Problem to solve
Output nothing but the lines from the first line of the entries to the line with "кулак поворотный, 1500 рублей, Красноярск", inclusive, exactly as they read.

Crawled caption data:
★ ★ ★
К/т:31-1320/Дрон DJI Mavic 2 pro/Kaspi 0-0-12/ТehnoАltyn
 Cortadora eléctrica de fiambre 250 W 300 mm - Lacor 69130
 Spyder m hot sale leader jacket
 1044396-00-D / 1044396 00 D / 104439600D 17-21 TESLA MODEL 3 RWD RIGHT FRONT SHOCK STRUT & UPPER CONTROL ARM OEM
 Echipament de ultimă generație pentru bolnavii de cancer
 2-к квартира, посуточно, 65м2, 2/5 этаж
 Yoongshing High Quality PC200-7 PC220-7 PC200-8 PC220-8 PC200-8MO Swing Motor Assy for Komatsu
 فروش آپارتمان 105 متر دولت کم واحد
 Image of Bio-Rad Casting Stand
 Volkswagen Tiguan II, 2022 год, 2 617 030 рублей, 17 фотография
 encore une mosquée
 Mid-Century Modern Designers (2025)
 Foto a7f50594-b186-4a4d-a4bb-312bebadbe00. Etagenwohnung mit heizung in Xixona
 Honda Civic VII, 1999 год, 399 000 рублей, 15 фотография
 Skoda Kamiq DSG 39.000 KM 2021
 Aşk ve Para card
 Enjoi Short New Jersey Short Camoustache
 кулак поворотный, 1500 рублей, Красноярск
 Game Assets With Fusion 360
★ ★ ★
Your solution
К/т:31-1320/Дрон DJI Mavic 2 pro/Kaspi 0-0-12/ТehnoАltyn
 Cortadora eléctrica de fiambre 250 W 300 mm - Lacor 69130
 Spyder m hot sale leader jacket
 1044396-00-D / 1044396 00 D / 104439600D 17-21 TESLA MODEL 3 RWD RIGHT FRONT SHOCK STRUT & UPPER CONTROL ARM OEM
 Echipament de ultimă generație pentru bolnavii de cancer
 2-к квартира, посуточно, 65м2, 2/5 этаж
 Yoongshing High Quality PC200-7 PC220-7 PC200-8 PC220-8 PC200-8MO Swing Motor Assy for Komatsu
 فروش آپارتمان 105 متر دولت کم واحد
 Image of Bio-Rad Casting Stand
 Volkswagen Tiguan II, 2022 год, 2 617 030 рублей, 17 фотография
 encore une mosquée
 Mid-Century Modern Designers (2025)
 Foto a7f50594-b186-4a4d-a4bb-312bebadbe00. Etagenwohnung mit heizung in Xixona
 Honda Civic VII, 1999 год, 399 000 рублей, 15 фотография
 Skoda Kamiq DSG 39.000 KM 2021
 Aşk ve Para card
 Enjoi Short New Jersey Short Camoustache
 кулак поворотный, 1500 рублей, Красноярск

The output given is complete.